A sentença final, que encontramos já em 14,4 (cf. 1,52), é um apelo amplo a humildade, “pois quem se eleva, será humilhado e quem se humilha será elevado” (v. 14; cf. 1,52; 14,11; 16,14s; Mt 23,12; Ez 21,31). Assim, como na introdução (v. 9), Lc amplia a moral da parábola, do âmbito judaico para seus leitores (gregos, romanos) em geral.

Na espiritualidade ortodoxa desenvolveu-se uma oração (jaculatório) que se inspira no grito de Bartimeu, cego e mendigo: “Jesus, filho de Davi, tem piedade de mim” (Mc 10,47), e junta as palavras do publicano da nossa parábola. Esta oração repetitiva chama-se “Terço Bizantino” (usa também uma corrente de contas) ou “oração do coração” ou “oração de Jesus“ que invoca “sem cessar” (cf. 1Ts 5,17) o nome de Jesus (cf. os livros: Filocalia; Relatos de um Peregrino Russo; Terço bizantino com Pe. Marcelo Rossi). Na sua versão original reza-se ao inspirar “Senhor Jesus Cristo, (Filho de Deus) ”, e ao expirar: “Tem piedade de mim (pecador). ”

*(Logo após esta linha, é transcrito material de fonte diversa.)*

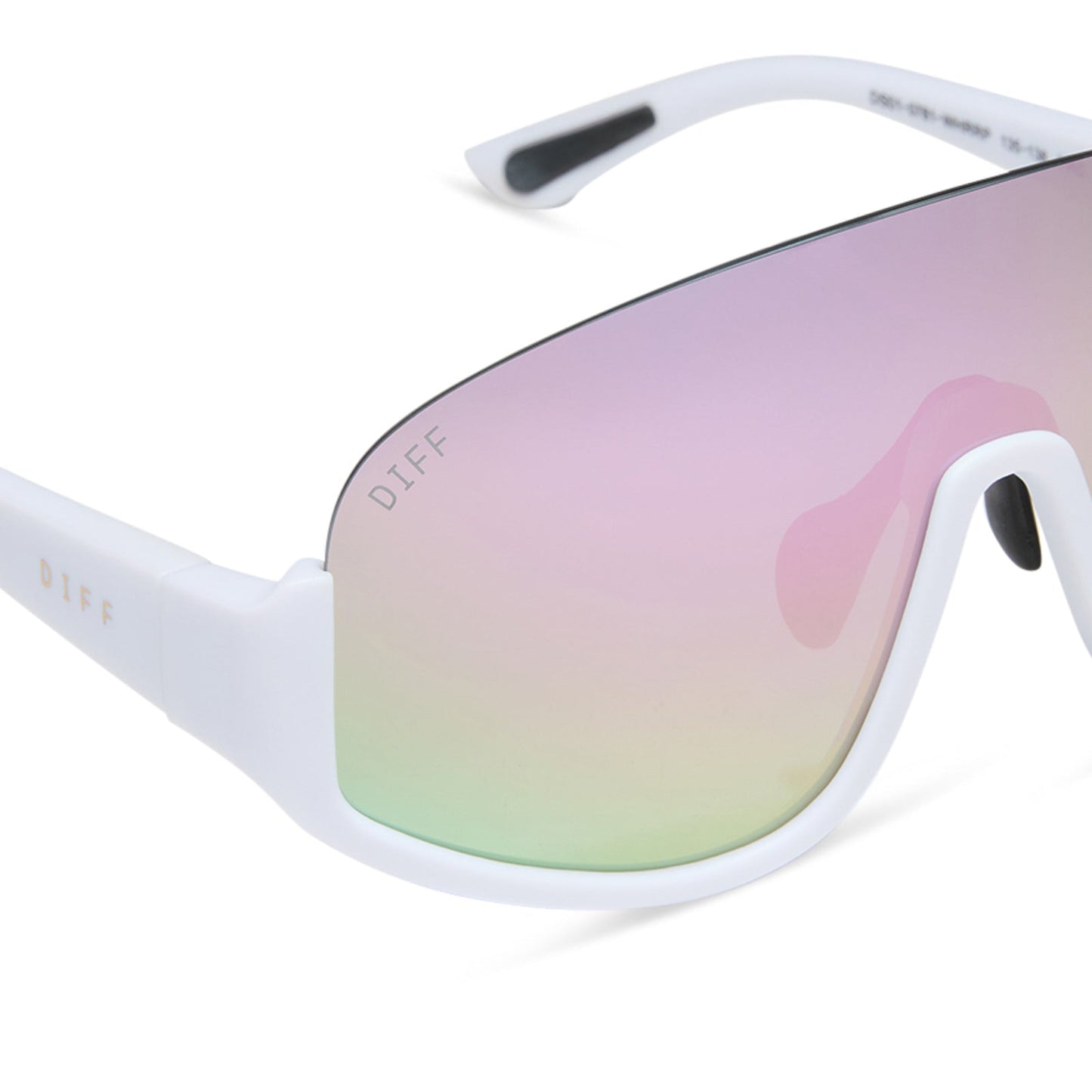 BLAZER - MATTE WHITE + LAVENDER MIRROR + POLARIZED SUNGLASSES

O site da CNBB comenta: Jesus nos mostra no Evangelho de hoje que a salvação não pode ser alcançada por nossas ações, uma vez que a pessoa não pode salvar-se por si mesma, mas por uma ação amorosa e gratuita do próprio Deus. Nós não nos salvamos, aos homens isso é impossível, mas Deus nos salva, pois para ele tudo é possível. Sendo assim, a nossa salvação depende antes de tudo da postura que temos diante de Deus. O fariseu contava os seus méritos diante de Deus, o que não lhe garantiu a salvação, enquanto que, ao demonstrar as suas misérias e os seus pecados diante de Deus, o cobrador de impostos reconhecia que somente Deus poderia salvá-lo e implora por essa salvação e, por isso, ele foi atendido em suas preces.